Goal of the exercise: With pictures left out, output exactly the lines from the line holding "Kẹp tóc hoa" through the end of the data, both included.
------------------------------------
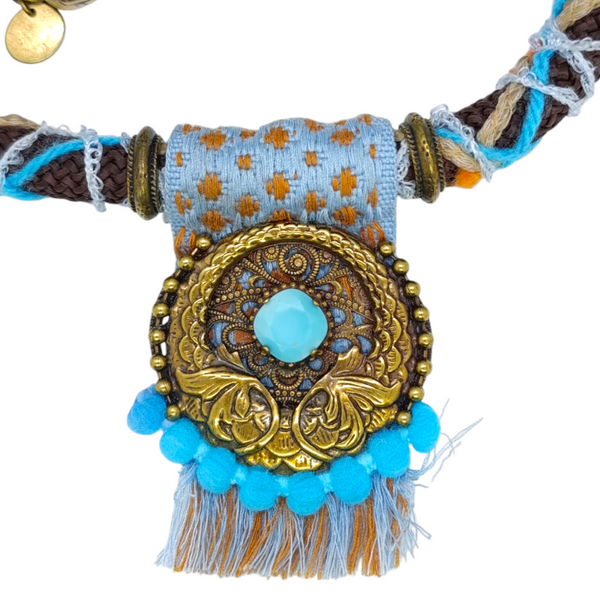 Collana cordone turchese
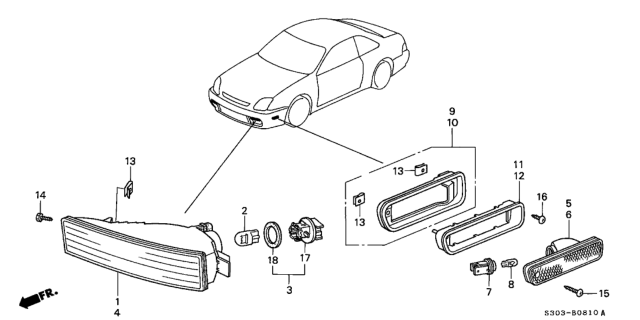 1997 Honda Prelude Lamp Unit, Driver Side Diagram for 33851-S30-A01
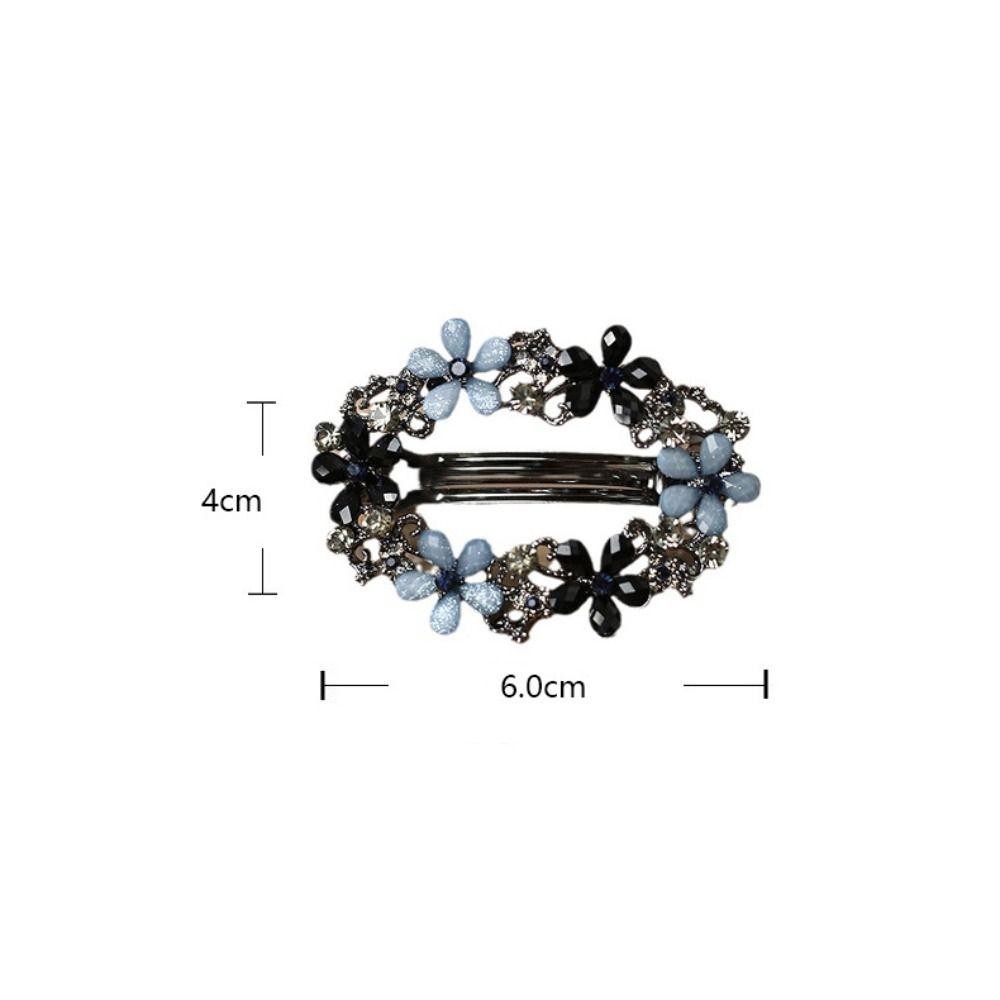 Kẹp tóc hoa hình bầu dục HOBBYIN, thiết kế pha lê Hàn Quốc, kẹp đuôi ngựa đính kim cương giả sang trọng, phụ kiện tóc nữ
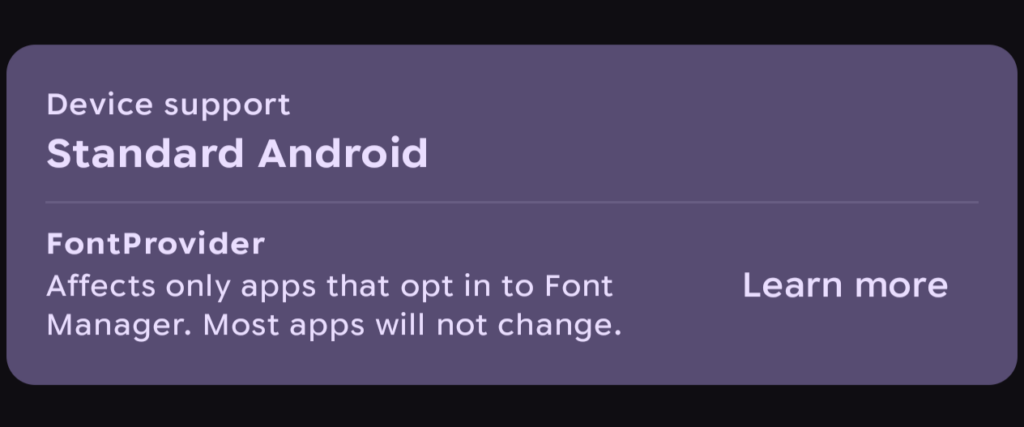 Font Manager's device support card reading "Standard Android, FontProvider" with a note that most apps will not change.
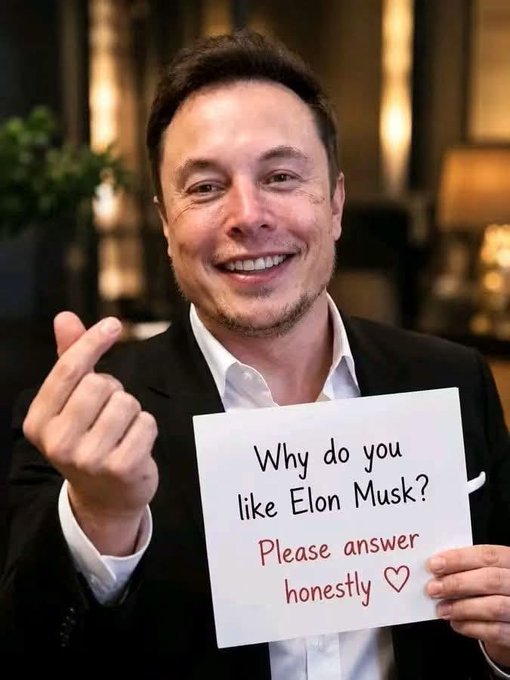 A smiling man in a black suit holds a handwritten sign that reads 'Why do you like Elon Musk? Please answer honestly ♡' while pointing at the camera.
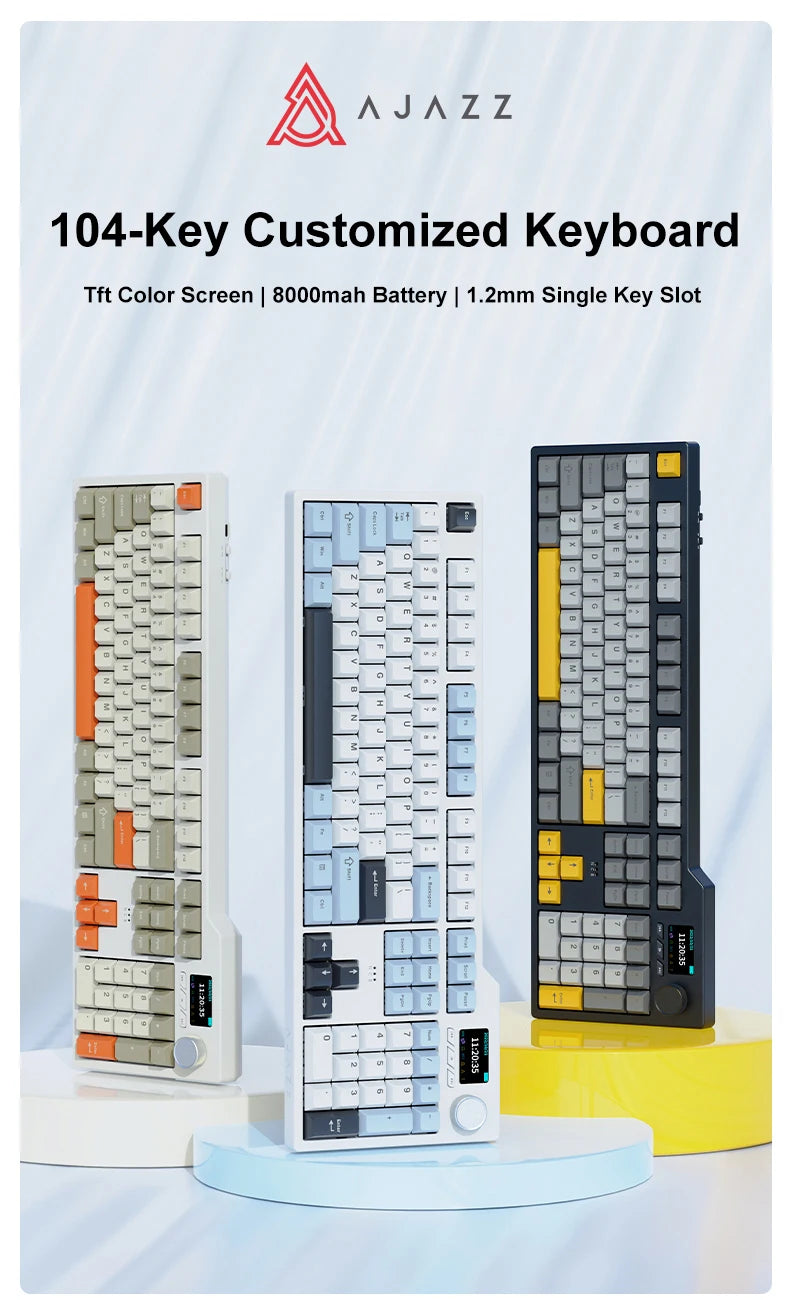 Neue AJAZZ AK35I V3 MAX Tri-Mode kabelgebundene Bluetooth-Wireless-Gaming-Tastatur mit Gasket-Struktur, Full-Key-Hot-Swap, 104 Tasten, individuell anpassbare Tastatur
------------------------------------
Answer section:
 Kẹp tóc hoa hình bầu dục HOBBYIN, thiết kế pha lê Hàn Quốc, kẹp đuôi ngựa đính kim cương giả sang trọng, phụ kiện tóc nữ
 Font Manager's device support card reading "Standard Android, FontProvider" with a note that most apps will not change.
 A smiling man in a black suit holds a handwritten sign that reads 'Why do you like Elon Musk? Please answer honestly ♡' while pointing at the camera.
 Neue AJAZZ AK35I V3 MAX Tri-Mode kabelgebundene Bluetooth-Wireless-Gaming-Tastatur mit Gasket-Struktur, Full-Key-Hot-Swap, 104 Tasten, individuell anpassbare Tastatur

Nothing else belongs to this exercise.